Web Developers who are using JSON protocol to describe their objects should read this blog as optimizations has been done in this area.If you are looking for other fixes that has gone in this release please get them from here. The improvements are quite evident for web sites which are using JSON protocol to define their objects. We got to know about this performance bug from our Windows Live team when they complained about poor performance of their web site while using JSON protocol. We were close to 30 times slower than the competition.
Now, let's take a moment to define what exactly was causing the problem. As part of using JSON protocol usage on Windows Live site, the code used to do pattern matching on a regular expression and further do some kind of replacement of matched string with a fixed specified string.
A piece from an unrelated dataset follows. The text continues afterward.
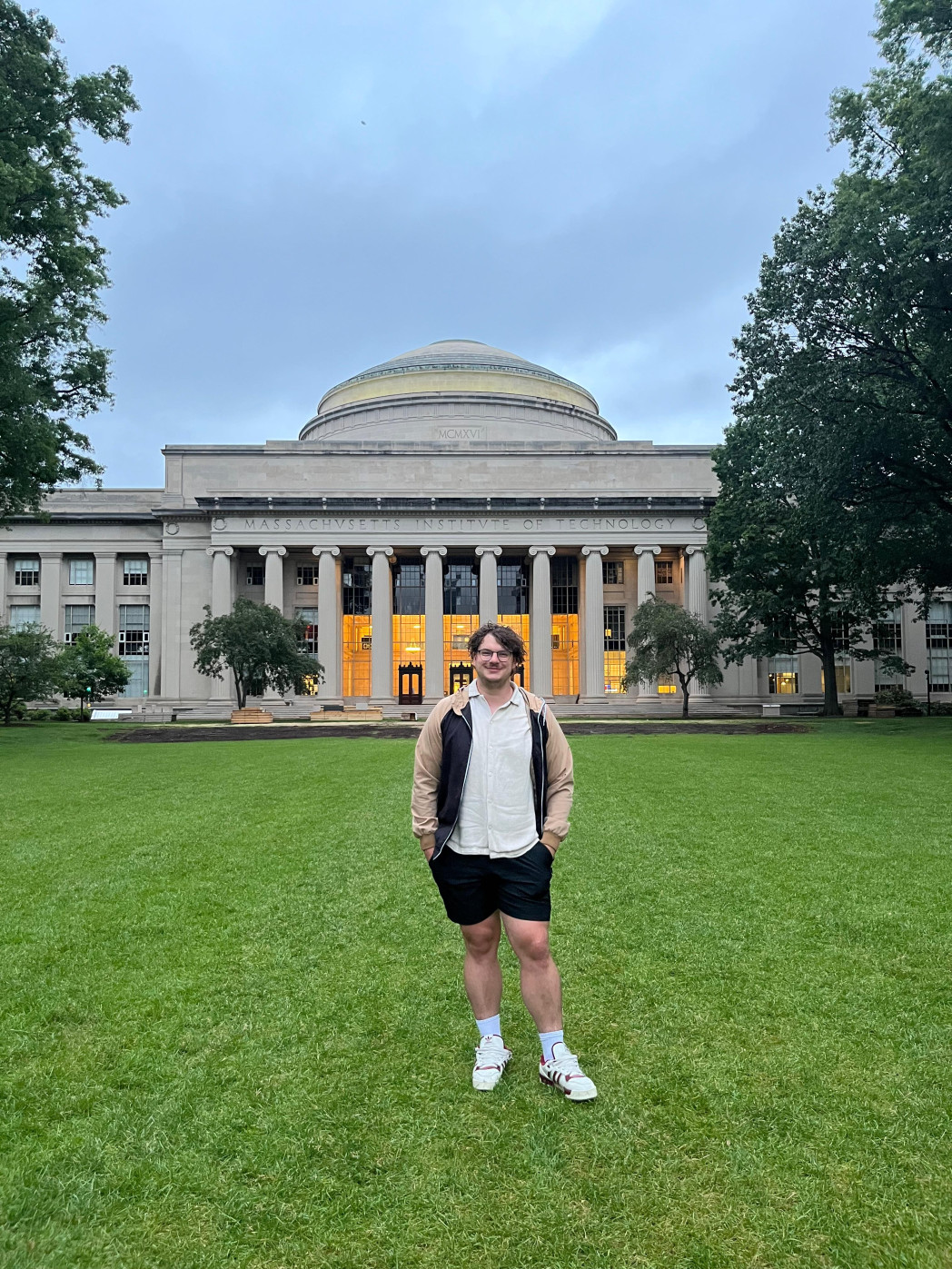 Junger Mann auf Wiese vor historischem Gebäude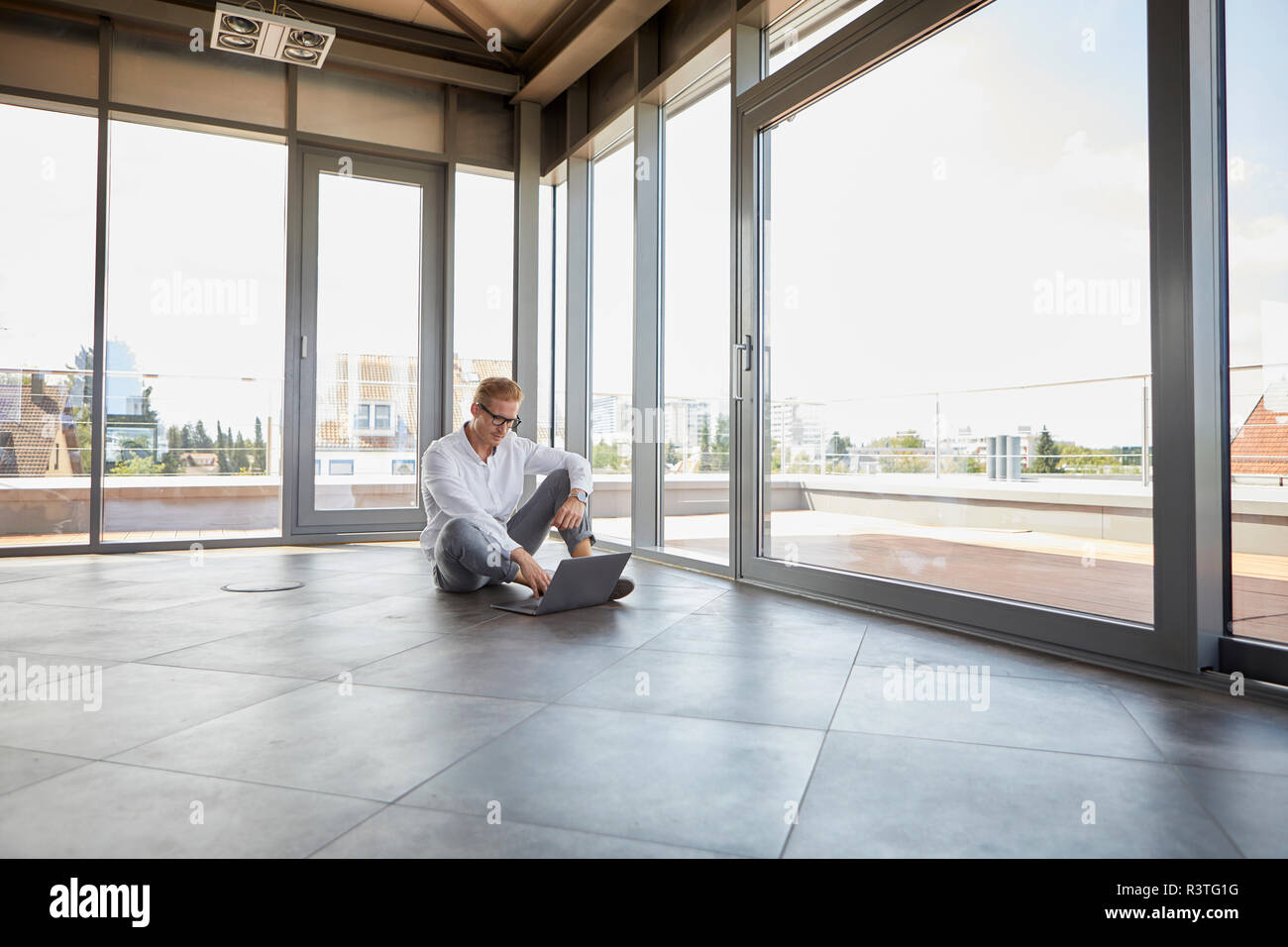 Geschäftsmann sitzt im leeren Raum mit Panorama Fenster mit Laptop Stockfoto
The CPU time spend in doing this pattern matching and replace was very high which lead to the performance of site being bad.
Let’s take the example of the specified regular expression : /(["'])( \\.|((?!\1|\\).))*\1/g
While matching a pattern for this expressions, before going into the loop, JScript engine compares if source string right now is same as the source string that was present before entering the same loop last time. If source strings are same it doesn't enter the loop .Assumption being none of the characters in the source string were matched in the last iteration and there is no point in taking this loop again (because if this loop is taken again then it means engine is in infinite loop). Otherwise keep checking back all the loops down in the stack until either the above mentioned condition is true (both source strings are same) or it reaches bottom of the stack. If it reached bottom of the stack then this loop can be entered as it means that either this is the first time loop is being taken or loop consumed at least one character last time. Seems pretty perfect logic.
So what's the flaw with the above logic? What if the engine is going to take same loop but it matched one or more characters in the last branch. In this case above mentioned logic will still keep comparing all the loops till it reaches end of the stack and then it decides to take the loop. This is not correct. If few characters were consumed in the last loop then instead going till end of the stack, it must decide to take a loop as soon as it finds that last time part of the sources string was matched by this loop.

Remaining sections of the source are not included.